One state senator said he hoped the moratorium’s renewal would not be “down to the wire again,” but exactly when the eviction moratorium will be renewed, and for how long, is still up in the air.

As the deadline draws near to renew the state’s eviction moratorium, two bills aim to take the pressure off the courts. One, sponsored by Sen. Brian Kavanagh, would halt all evictions through Jan. 20, while the other — sponsored by Sen. Zellnor Myrie — would do the same, but continue for a year after New York’s state of emergency ends. Both Myrie and Kavanagh sponsor the two measures.

Both bills have significant support in the 63-seat Senate — with 23 senators backing Kavanagh’s bill and 16 sponsoring Myrie’s. In the Assembly, legislators overwhelmingly prefer Myrie’s version, which was introduced two weeks earlier.

The city is hemorrhaging small businesses, and surveys suggest two-thirds of its restaurants will close by the end of the year. To avert that, Kavanagh teamed up with Niou, who represents Lower Manhattan, as well as two City Council members, Brad Lander and Keith Powers, who will craft city-level legislation, on measures to let the city offer a tax break to landlords who renegotiate leases to help commercial tenants make ends meet.

That may be a long shot, given the city government’s perilous fiscal situation and reluctance to forsake tax revenue. Landlords would be eligible for the benefit if they renegotiate lease terms and either the landlord or tenant suffered financial hardship because of Covid. The new lease would be subject to annual rent increase limits, set by the city, and the legislation would expire in 12 years.

One bill axed from the Senate’s rent-reforms at the last minute in 2019 met little resistance from lawmakers this year, but has not yet been signed by Cuomo.
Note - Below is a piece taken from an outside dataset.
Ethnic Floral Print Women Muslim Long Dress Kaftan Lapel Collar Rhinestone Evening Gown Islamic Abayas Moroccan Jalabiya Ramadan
The legislation, sponsored by state Sen. Neil Breslin, who represents Albany, and Assembly member William Magnarelli, who represents Syracuse, would revise the 485-a property tax abatement, which gives a 12-year tax break to developers who add apartments to commercial properties.

A spokesperson for Sen. Breslin said his office has heard no objections from Cuomo but had no idea when the governor would ask to sign the bill.

Critics of the existing tax break have accused developers of exploiting it. A 2019 report found that at 96 properties in Buffalo, the total value of 485-a was $66.9 million through 2030.

Under the new legislation, to receive that benefit, more than half the building would have to be residential and at least 15 percent commercial. The measure also eliminates an exception for previously vacant land.